最終更新: 2026-04-21
日本三大魚醤の一つ「しょっつる」の産地・秋田県では、一般家庭でも魚醤を仕込む文化が今なお残っています。魚醤は魚と塩さえあれば作れる、世界最古級の発酵調味料です。「自分で作ってみたいけれど、手順がわからない」「どんな魚を使えばいいの?」と感じている方も多いのではないでしょうか。この記事では、自家製魚醤の作り方を材料選びから熟成・ろ過まで順を追って解説します。まず魚醤の基本知識を押さえ、次に具体的な手順とコツ、そして魚種ごとの仕上がりの違いをお伝えします。
魚醤の作り方:始める前に知っておくこと
魚醤(ぎょしょう)とは、魚介類を塩漬けにして長期間発酵させ、滲み出た液体をろ過した調味料です。魚のタンパク質が微生物や自己消化酵素の働きでアミノ酸に分解されることで、濃厚なうま味が生まれます。
日本では秋田県の「しょっつる」、石川県能登半島の「いしる(いしり)」、香川県の「いかなご醤油」が日本三大魚醤として知られています。
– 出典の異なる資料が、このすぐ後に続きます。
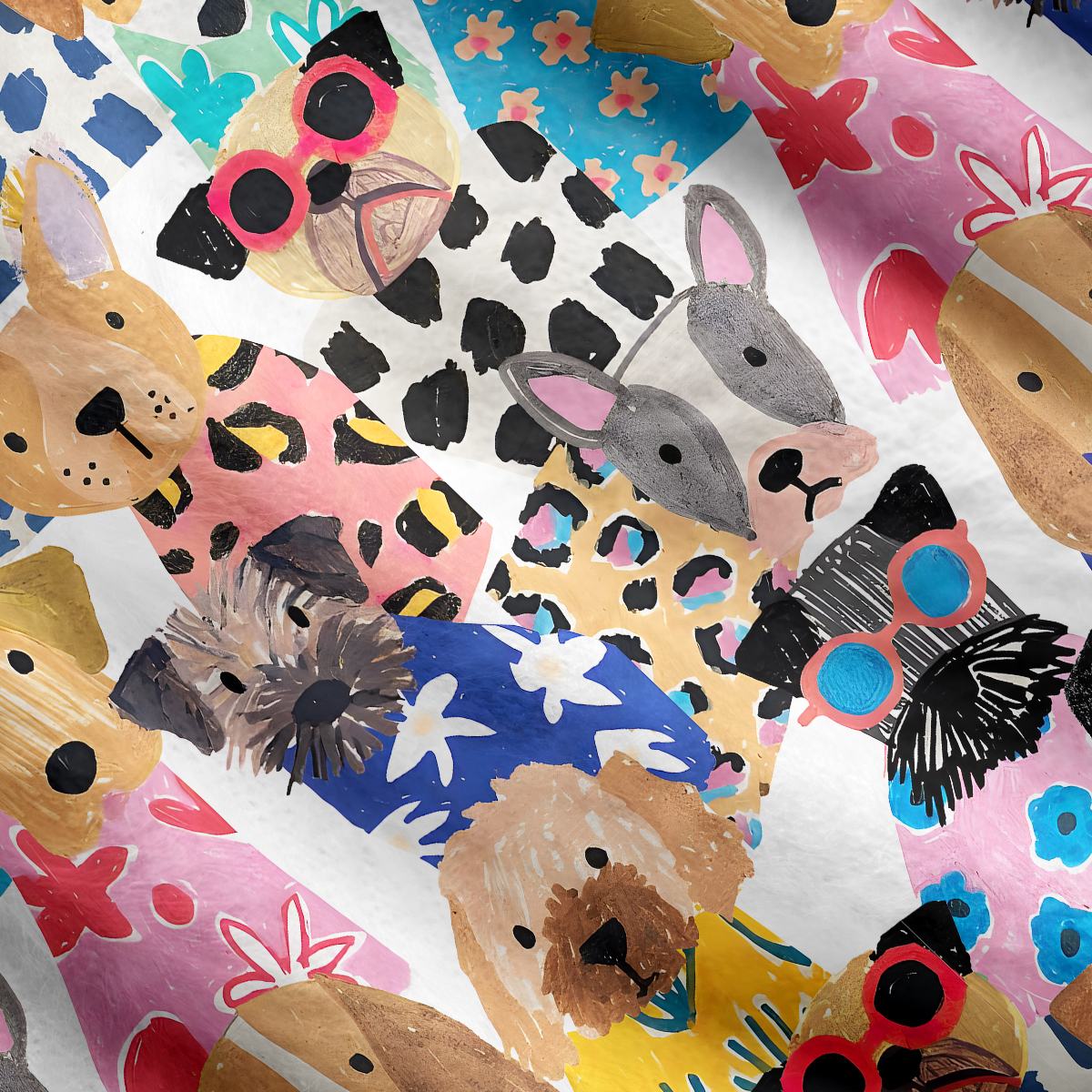 Purplehecate Puppy Parade Cardigan Sweaters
海外ではタイの「ナンプラー」、ベトナムの「ニョクマム(ヌクマム)」が有名です。魚醤の歴史は古く、古代ローマの「ガルム」にまで遡ります。
自家製魚醤を始める前に、全体像を把握しておきましょう。
| 項目 | 目安 |
|---|---|
| 所要時間 | 仕込み作業は約1時間、熟成期間は6か月〜1年 |
| 費用 | 1,000〜2,000円程度(魚500g+塩+容器) |
| 難易度 | ★☆☆(初心者でも挑戦しやすい) |
| 必要なもの | 魚(内臓ごと使えるもの)、塩、ガラス瓶またはホーロー容器、ガーゼ |
仕込み作業そのものは非常にシンプルです。ただし熟成に半年以上かかるため、長期間待てる環境を用意してください。
魚醤の作り方【ステップ解説】
ここからは、最も基本的な「魚+塩」方式の手順を紹介します。
Step 1:材料と道具を準備する
まず以下の材料を揃えてください。
| 材料・道具 | 分量・仕様 | ポイント |
|---|---|---|
| 魚 | 500g | カタクチイワシ、アジ、サバなど青魚がおすすめ。内臓ごと使う |
| 塩 | 150〜200g(魚の重量の30〜40%) | 粗塩や岩塩などミネラル豊富なものが望ましい |
| 保存容器 | 1〜2リットル | ガラス瓶やホーロー容器。金属製は腐食するため避ける |
| ガーゼ・さらし | 1枚 | 蓋の代わりに通気を確保しつつ虫の侵入を防ぐ |
| 重し | 適量 | 小皿や水を入れたビニール袋で代用可能 |
魚は鮮度の良いものを選んでください。鮮度が落ちた魚を使うと、発酵ではなく腐敗が進み、仕上がりに嫌な臭いが残る原因になります。魚を選ぶ際は、目が澄んでいてエラが鮮やかな赤色のものを選びましょう。詳しい見分け方は魚の鮮度の見分け方ガイドで解説しています。
Step 2:魚の下処理をする
魚を流水でよく洗い、ウロコを取り除きます。頭と内臓は「取る方法」と「そのまま使う方法」の2パターンがあります。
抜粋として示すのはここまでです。